While the old lingo was culturally driven, promoting the image of the rough and tough independent trucker and the lifestyle that supposedly went with it, today’s truck jargon is mostly technology driven, and to a great extent, furthered by the product marketing people. I have yet to hear a driver utter the words downspeed or driver-centric.
During the various press conferences at the Mid-America Trucking Show recently, one presenter after another spouted terms like downspeeding, driver-centric, uptime, information centres and performance assistants for drivers, or some variation on those themes. Packages was another popular word, usually related to aerodynamics or idle reduction, which were invariably linked to another oft-heard buzzword: fuel efficiency.
The old CB slang was certainly more colourful, but it was apt to leave outsiders scratching their heads. What do comic books and rocking chairs have to do with trucking? Indeed. But what the heck is downspeeding? Or a re-gen? Or uptime, for that matter?
For the as yet uninitiated, downspeeding is a term used to describe lowering engine rpm at highway cruise speed in order to improve fuel economy. It’s an extension, of sorts, to the gear-fast, run-slow concept. OEMs promote downspeeding, which allows 80,000-lb trucks to cruise down the highway at 65 mph at a fuel-sipping 1,150 rpm.
That just wasn’t possible back in the good old days when engines routinely ran at 2,100 rpm or higher at highway speed – with flames shooting out the stacks, along with tons of black smoke and all that other nasty stuff.
It’s truly remarkable what engineers have been able to accomplish over three decades.

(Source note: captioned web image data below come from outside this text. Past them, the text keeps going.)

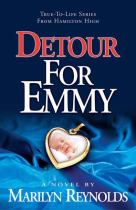 Book cover for Detour for Emmy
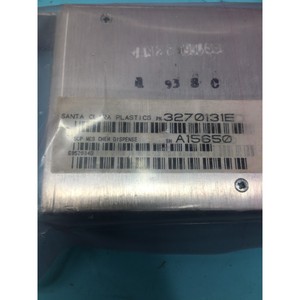 ตัวควบคุม SCP 3270131E, MCS, CHEM DISP MOD, 145826 - อุปกรณ์และชิ้นส่วนเซมิคอนดักเตอร์มือสองระดับโลกที่เชื่อถือได้ที่ - Product Image 4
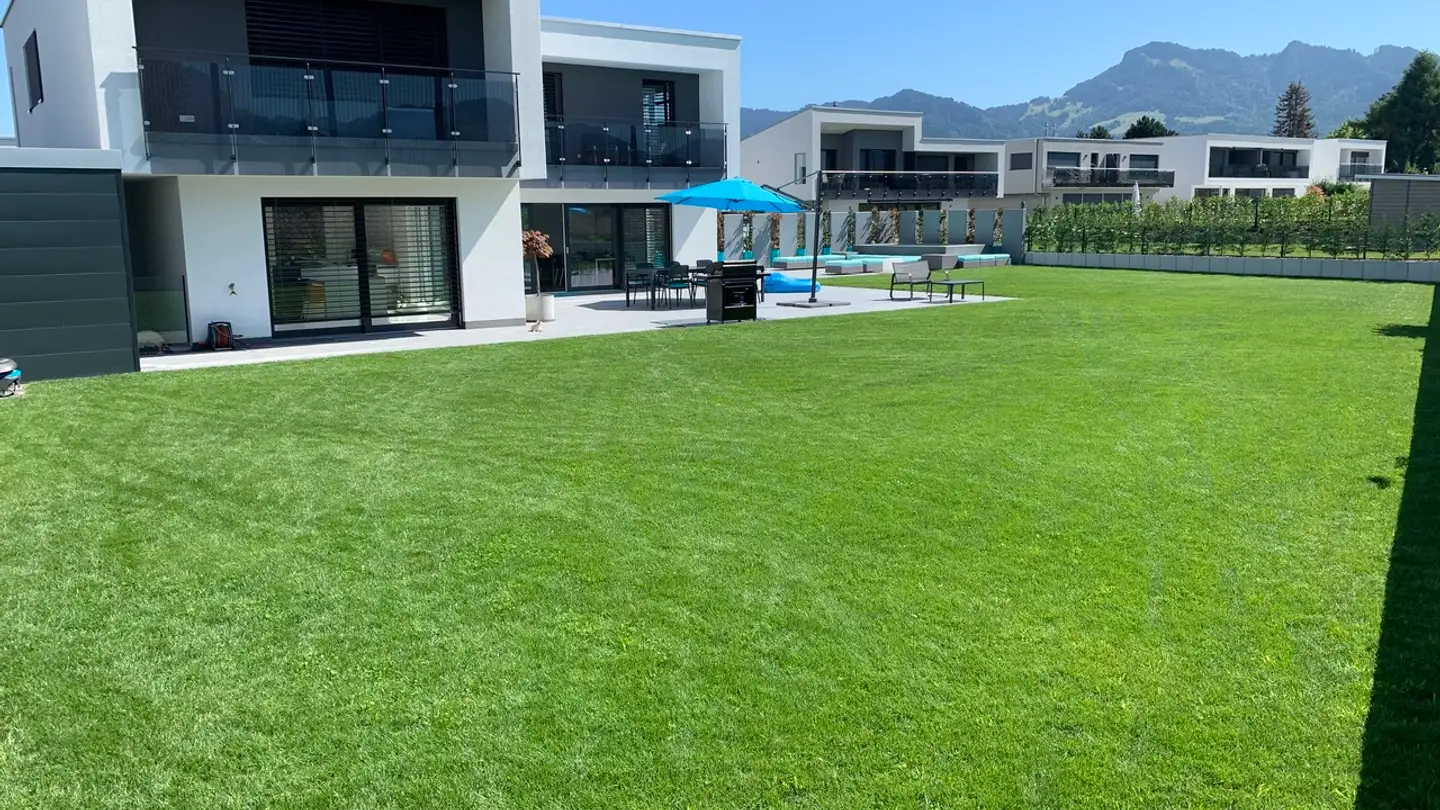 Maison individuelle à vendre - Rue Des Charmilles 62, 1632 Riaz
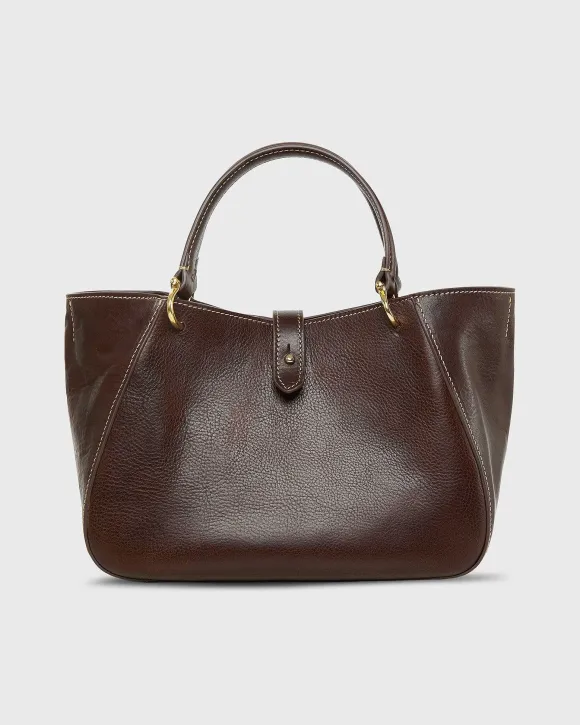 Annalisa Satchel Bag^Ann Mashburn Discount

They have roughly halved the engine speed and nearly doubled fuel efficiency. For that, I can put up with a few funny new words.
But what’s with uptime? Just about every truck and engine maker at MATS was talking about uptime. Mack Trucks is even building an Uptime Center at its Greensboro, NC headquarters. Did we worry about uptime back in the old days? It used to be the downtime we looked forward to – before the 34- or 36-hour-reset rules put an end to long weekends.
Uptime – or the time the truck is running and making money – was something we took for granted not that long ago. Now it’s a selling feature?
Trucks have seen an upsurge in onboard technology in recent years and a corresponding increase in system faults that can sideline a truck. It’s troubling that an $18 sensor can precipitate a $1,000 tow bill to get the problem fixed. The truck would probably run just fine except that said sensor has breached – maybe – some emissions parameter. I guess that’s part of the price we pay for nearly doubled fuel efficiency and exhaust that’s cleaner by several orders of magnitude. Still, it would be nice if the truck could be allowed to find its way to a shop before throwing up the white flag.
Another term that has me puzzled is driver-centric. The marketing folks are usually talking about cab interiors in this instance. Maybe it’s just me, but I’d sort of expect a cab to be driver-centric, that is, designed and engineered for comfort, ease of use, and occupant safety.
There are certain things about the driver compartment of my Volkswagon Jetta TDI wagon that are anything but driver-centric, like the fact that if something falls down under the seat it cannot be retrieved with anything less than a very long pair of the longest-nose pliers on the planet. Or that nothing will stay on my dashboard when I accelerate the car.
I guess if I had a driver information centre in the car, some sensor would tell me where that dime went, or that I was accelerating too fast and thereby wasting fuel. These info centres for drivers are a product of the digital age if ever there was one. Given that there’s little a driver can do to thwart the engine computer’s wishes, I guess it’s useful to get feedback from that same computer that you’re doing everything right. It’s kind of a digital pat on the back, and a useful one at that, if it further improves fuel efficiency.
I suppose we had better get used to all this new terminology. Trucks are becoming more like airplanes every day, and we all know how much aviation loves its buzzwords and acronyms. With GPS-controlled engines and transmissions, driverless trucks, and platooning just over the horizon, the term convoy has a whole new meaning in 2014. Yeah, Buddy.